It analyses the text enterd by a user and analyses whether the text is sarcastic or not. Sarcasm, which is both positively funny and negatively nasty, plays an important part in human social interaction. Sarcasm detection is a very narrow research field in NLP, a specific case of sentiment analysis where instead of detecting a sentiment in the whole spectrum, the focus is on sarcasm. Therefore the task of this field is to detect if a given text is sarcastic or not.
Some people could disagree about its purpose, but there is a convention in that people use positive words in order to convey a negative message. Of course, it varies through person to person and is highly dependent on the culture, gender and many other aspects. Americans and Indians for example, perceive sarcasm differently. Moreover, someone being sarcastic doesn’t mean the other person perceiving it as the speaker intended. This subjectivity will have implications in the performance of DL models.
Past studies in Sarcasm Detection mostly make use of Twitter datasets collected using hashtag based supervision but such datasets are noisy in terms of labels and language.

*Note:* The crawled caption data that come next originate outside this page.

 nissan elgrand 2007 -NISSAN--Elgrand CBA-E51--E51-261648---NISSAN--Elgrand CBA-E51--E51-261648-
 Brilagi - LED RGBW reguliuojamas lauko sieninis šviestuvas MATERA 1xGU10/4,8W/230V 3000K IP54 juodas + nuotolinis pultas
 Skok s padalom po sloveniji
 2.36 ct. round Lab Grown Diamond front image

Furthermore, many tweets are replies to other tweets and detecting sarcasm in these requires the availability of contextual tweets.

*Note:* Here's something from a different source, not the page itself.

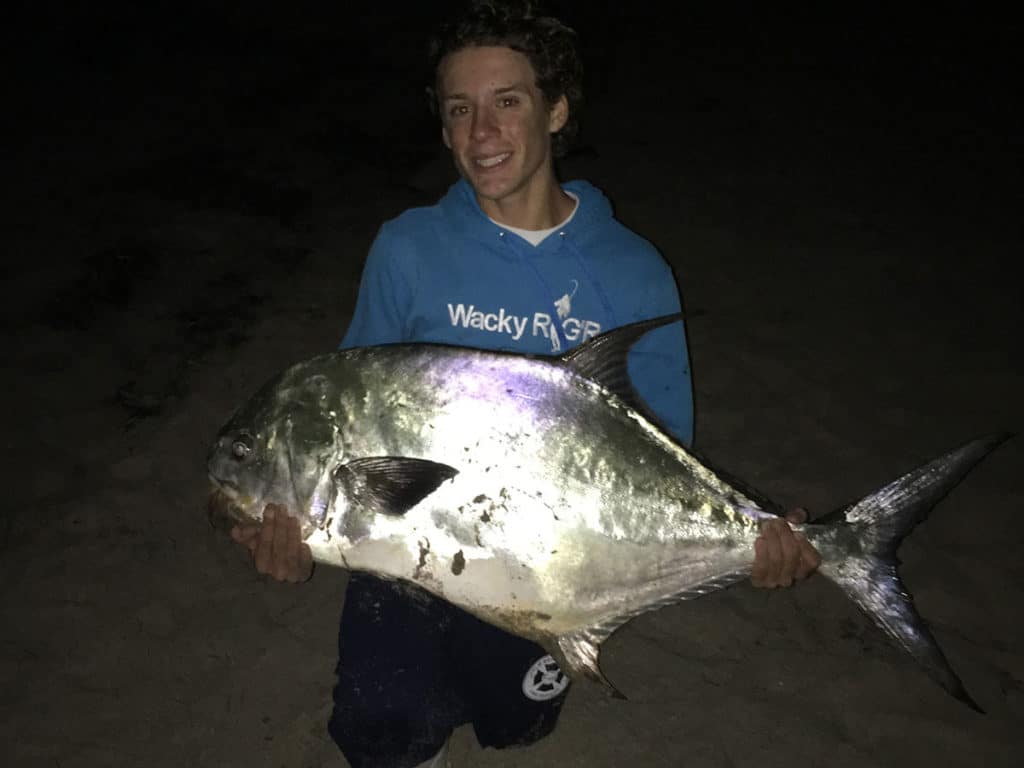 Joseph Ferguson IGFA Record Permit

To overcome the limitations related to noise in Twitter datasets, this News Headlines dataset for Sarcasm Detection is collected from two news website. TheOnion aims at producing sarcastic versions of current events and we collected all the headlines from News in Brief and News in Photos categories (which are sarcastic). We collect real (and non-sarcastic) news headlines from HuffPost.
This new dataset has following advantages over the existing Twitter datasets:
Since news headlines are written by professionals in a formal manner, there are no spelling mistakes and informal usage. This reduces the sparsity and also increases the chance of finding pre-trained embeddings.
Furthermore, since the sole purpose of TheOnion is to publish sarcastic news, we get high-quality labels with much less noise as compared to Twitter datasets.
Unlike tweets which are replies to other tweets, the news headlines we obtained are self-contained. This would help us in teasing apart the real sarcastic elements.
Each record consists of three attributes:
is_sarcastic: 1 if the record is sarcastic otherwise 0
headline: the headline of the news article
article_link: link to the original news article. Useful in collecting supplementary data
General statistics of data, instructions on how to read the data in python, and basic exploratory analysis could be found at this GitHub repo. A hybrid NN architecture trained on this dataset can be found at this GitHub repo.
Can you identify sarcastic sentences? Can you distinguish between fake news and legitimate news?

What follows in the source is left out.